So I’m trying out waxing for the first time, and I go to my local Meijer’s and stare blindly at the shelf. There are so many options that I stick to the one that says it’s the easiest and cleanest. I pick up this thing that looks like a large clear roll-on deodorant bottle full of wax. It’s by Nair, so I figure it might remove all that leg hair I got. It’s the Nair Hair Removal Kit, a roll-on sugaring wax that’s microwaveable and scented “fresh peach melon.”
I don’t know what it is about body products lately, they all seem to smell like food. I’m trying to use this product to remove unsightly body hair, not top my sundae.
I take it home six dollars later and read the directions thoroughly. I am one of those people who will agonize over microwaving popcorn – it says five minutes. It doesn’t mean five minutes. This discrepancy disturbs me. I will follow directions to the letter, so when directions are so imprecise as they are with microwave popcorn, I get this existential anxiety and practically press my ear to the door to hear every last pop.
Anyway. I read them, I do what they say. There’s a plug that I have to remove before I microwave. It is VERY IMPORTANT to remove the plug. I remove the plug, although I secretly very much want to microwave it to see if it blows up.

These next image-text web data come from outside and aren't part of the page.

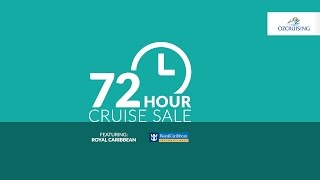 72 Hour Sale - Royal Caribbean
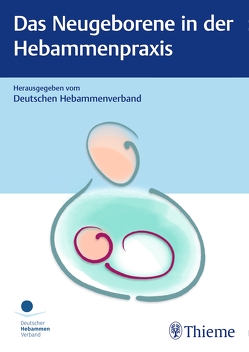 Das Neugeborene in der Hebammenpraxis von DHV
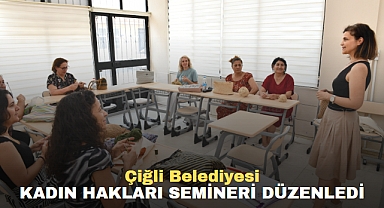 Çiğli Belediyesi kadın hakları semineri düzenledi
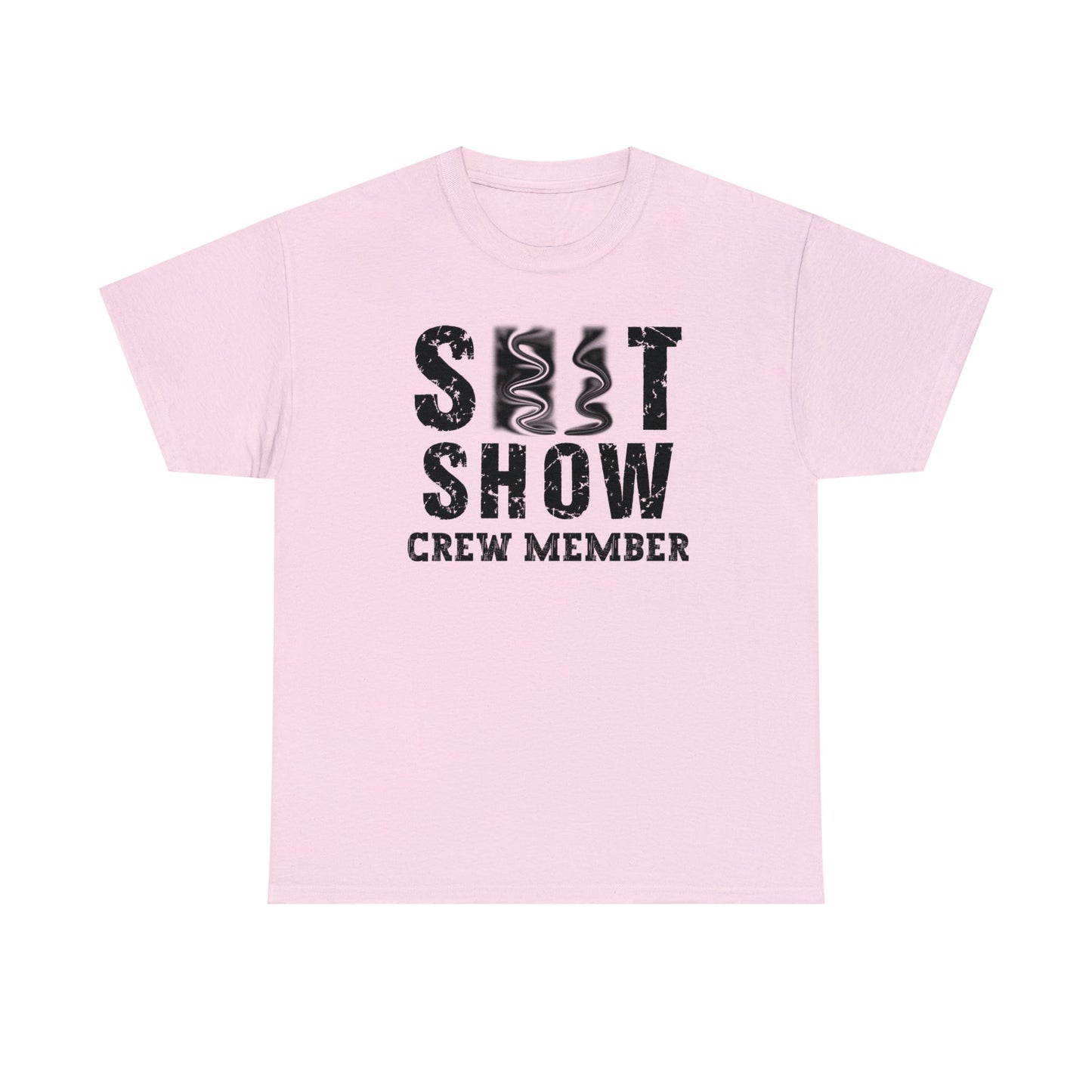 CrazyYetiClothing, CYC, S**t Show Crew Member (Unisex Tee, Censored), T-Shirt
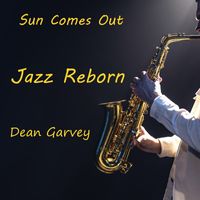 Dean Garvey - Sun Comes Out
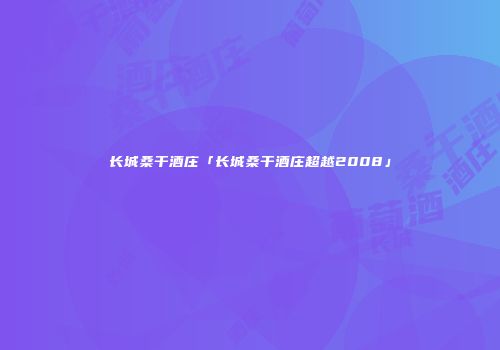 长城桑干酒庄「长城桑干酒庄超越2008」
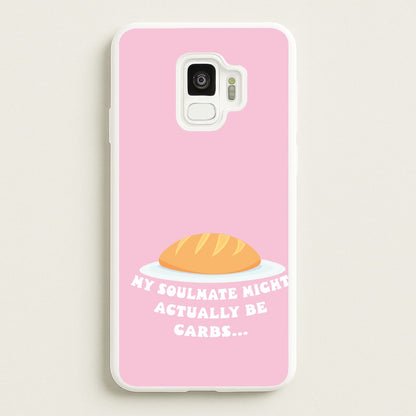 My Soulmate Might Actually Be Carbs  - Mamma Mia Phone Case for Galaxy S9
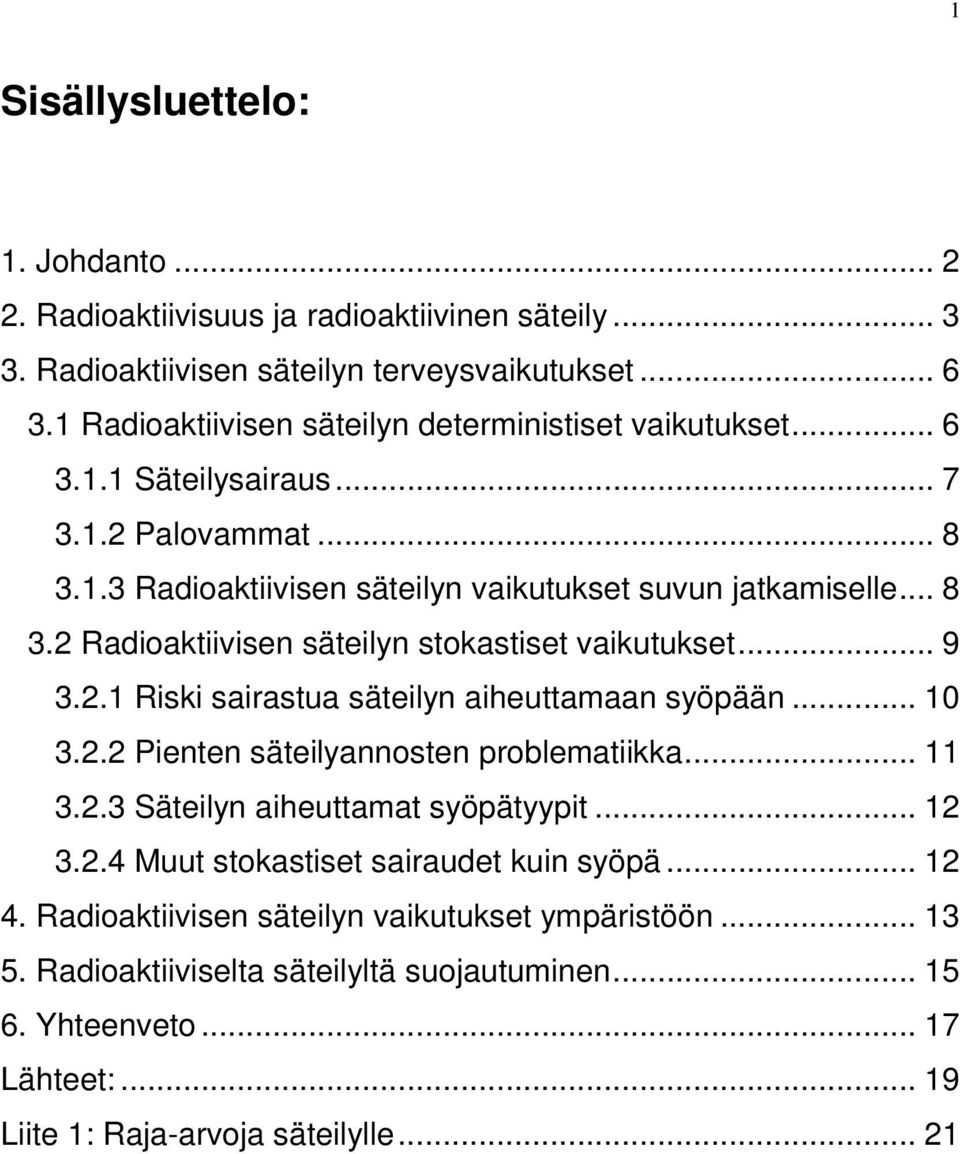 .. 9 3.2.1 Riski sairastua säteilyn aiheuttamaan syöpään... 10 3.2.2 Pienten säteilyannosten problematiikka... 11 3.2.3 Säteilyn aiheuttamat syöpätyypit... 12 3.2.4 Muut stokastiset sairaudet kuin syöpä.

Microwave for 15 seconds – fine. I do this. Not fourteen, not sixteen and a half, but fifteen. The stuff in the container is a little warm, and looks sticky.
The package has these moist towelettes in them, and even though using moist towelettes makes me slightly neurotic as well, I use them. They are supposed to remove oil. I assume they do what they say.
Then there’s these little paper strips that you have to press on to the wax after it’s applied, so you can rip it cleanly off. There’s also a little tray that you can set the roller doohickey on between strips of wax, so the wax stays on the roller.
At this point I have a factory line set up. Towelettes to the far left, then to the right of that the roller, then the strips of paper, then the tray, then a little spot to set the used paper on. Looks good: I am set to embark to the wonderful world of waxed women.
I wipe, I wait, I roll, I apply the paper, I set the applicator on the tray, I wait, I hold my breath, and I RIP!
Hmm. Somewhat disappointing. It didn’t hurt.
And it didn’t remove any hair! :mad:
Someone wise in the ways of wax, please describe what it is I did wrong. My hairy legs will thank you (and so will my sweetie).